How to Compile and Run C Program on a Linux Terminal
 

How to Compile and Run C Program on a Linux Terminal

 

This post was last updated on April 17th, 2021 at 11:08 pm

Linux is the best platform to learn C programming because it is an open source platform and you will find so many documentation on the internet if you need help.

The second reason is that it provides built-in C compiler to start running a C program.

In the series of guides, till now I have explained C programming basics with a small Hello World program.

Although there are many IDEs you can use but in this guide I am going to show you how to compile and run a C program using a Linux Terminal.

Required Setup

You can run a C program on a Linux machine in one of the below ways:

Choose how you want to run your C development setup to proceed.

To keep it simple and relevant for most beginners, I will use Ubuntu installed via Oracle Virtualbox on a Windows PC.

House Keeping Before Starting

Before creating and running a C program, let’s do some management work which will help us find all the C programs in one place.

I would recommend you to create a new directory where you keep all the C programs.

To do that, go to your home directory on Ubuntu and create a directory using the mkdir command, let’s say in the name of c-programming.
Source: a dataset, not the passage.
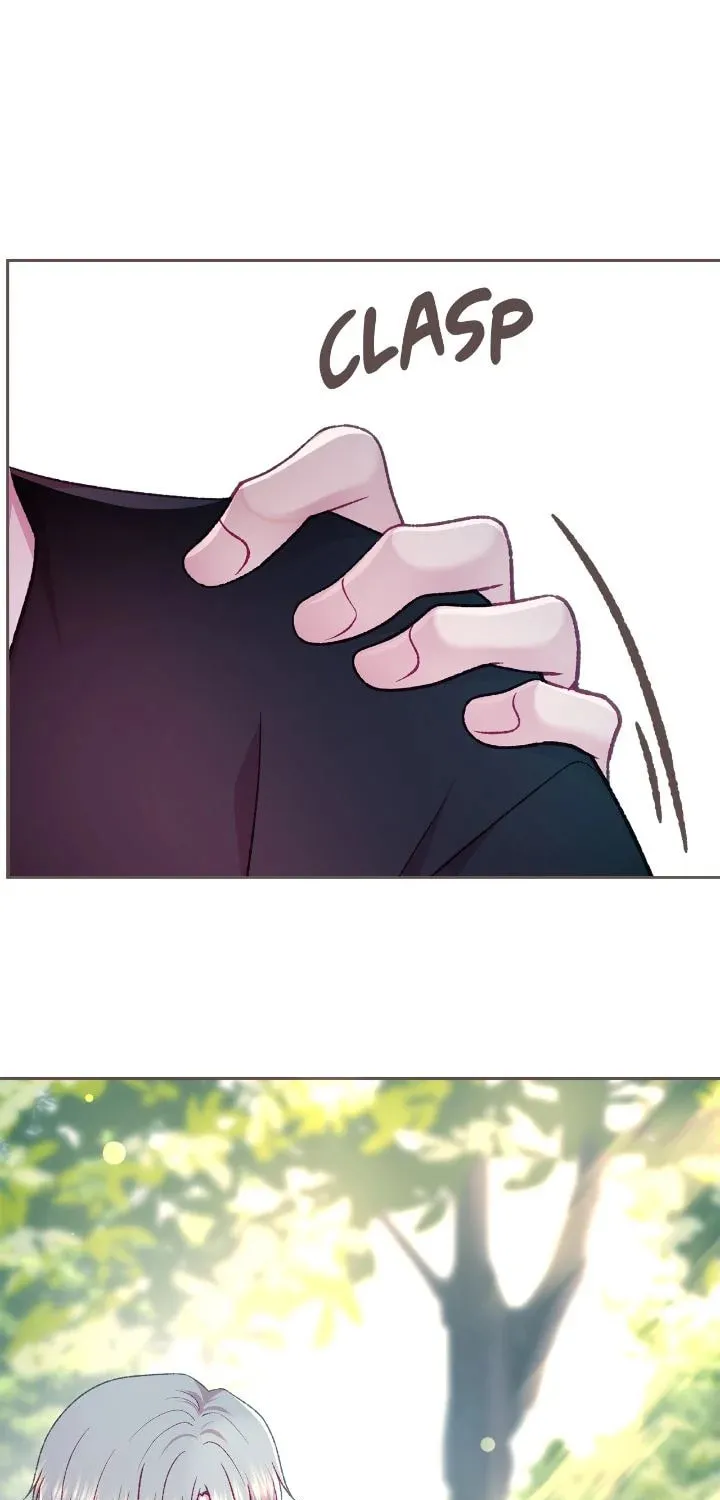 Read Fate Mate chapter 47 image 72 on Lezhin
  1. First open the terminal window on Ubuntu (or Linux in general) using the below keyboard combinations:
    Ctrl + Alt + T

    NOTE:
    You can also use the respective menu items or a search box if provided in the Linux distro you are using.
  2. Then execute the below commands on the terminal to create the directory:
    cd ~
    mkdir c-programming
    
  3. You can also use the ls command to verify if the directory is created or not:
    ls -l
    

    create and list directory

  4. Once the directory is created, let’s change our working directory to the new one. You can use the cd command to change the directory and then the pwd command to verify the present working directory in Linux.
    cd c-programming
    pwd
    

    check pwd

Once you have created and moved inside the directory let’s create compile and run our first C program on the Linux Terminal.

The C Program to Compile and Run on Linux Terminal

For the sake of simplicity I will use the first Hello program that I wrote earlier in C.

Create the hello.c file

  1. First create a file in VIM editor in the name of hello.c using the below command:
    sudo apt-get install vim
    vim hello.c
    

     

    NOTE:
    The above command first installs the VIM editor and then creates the file.
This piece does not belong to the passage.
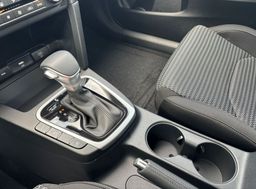 Zunanja slika - KIA XCeed - 1.6 T-GDi LX SMART ISG.7DCT 110 kW - 13 - Predogledna slika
  2. Once created the file and you are in the VIM editor screen, press the I button on your keyboard to run VIM in writing mode.
  3. While in the writing mode, copy and paste the below Hello World C program code in the hello.c file in VIM:
    /*
     * This program is demo code from https://www.explorelinux.com
     * Author: https://www.explorelinux.com
     */
    
    #include <stdio.h>
    
    /* The entry point function in C */
    int main ()
    {
        /* The actual print statement */
        printf ( "Hello, World!" );
    
        return 0;
    }
    
  4. Once copied the code, press Esc to move out of editing mode.
    Then :wq! and then press Enter to exit

    Create Hello World C program in VIM

Compile the hello.c file on the Terminal

  1. Execute the below command to compile the C file using GCC compiler:
    sudo apt-get install gcc
    gcc hello.c
    

     

    NOTE:
    The above command first installs the GCC compiler and then compiles the hello.c file.

  2. After successful compilation, the compiler will generate an a.out executable file.
  3. You can use the ls -la command to see the binary file is generated or not.

    gcc hello world c program

Run the output binary file in Linux Terminal

  1. Once the output binary file is created, execute the below command to run the C program that we created:
    ./a.out
    
  2. The output:
    Hello, World!

That’s how you need to use the Linux terminal to compile and run a C program.

I hope that was quite straight forward and simple for you to understand. If you still have doubts on something, please leave a comment and I will try to address your concern(s) as soon as possible.

For more detailed step-by-step C programming and other Linux guides, keep visiting Explore Linux.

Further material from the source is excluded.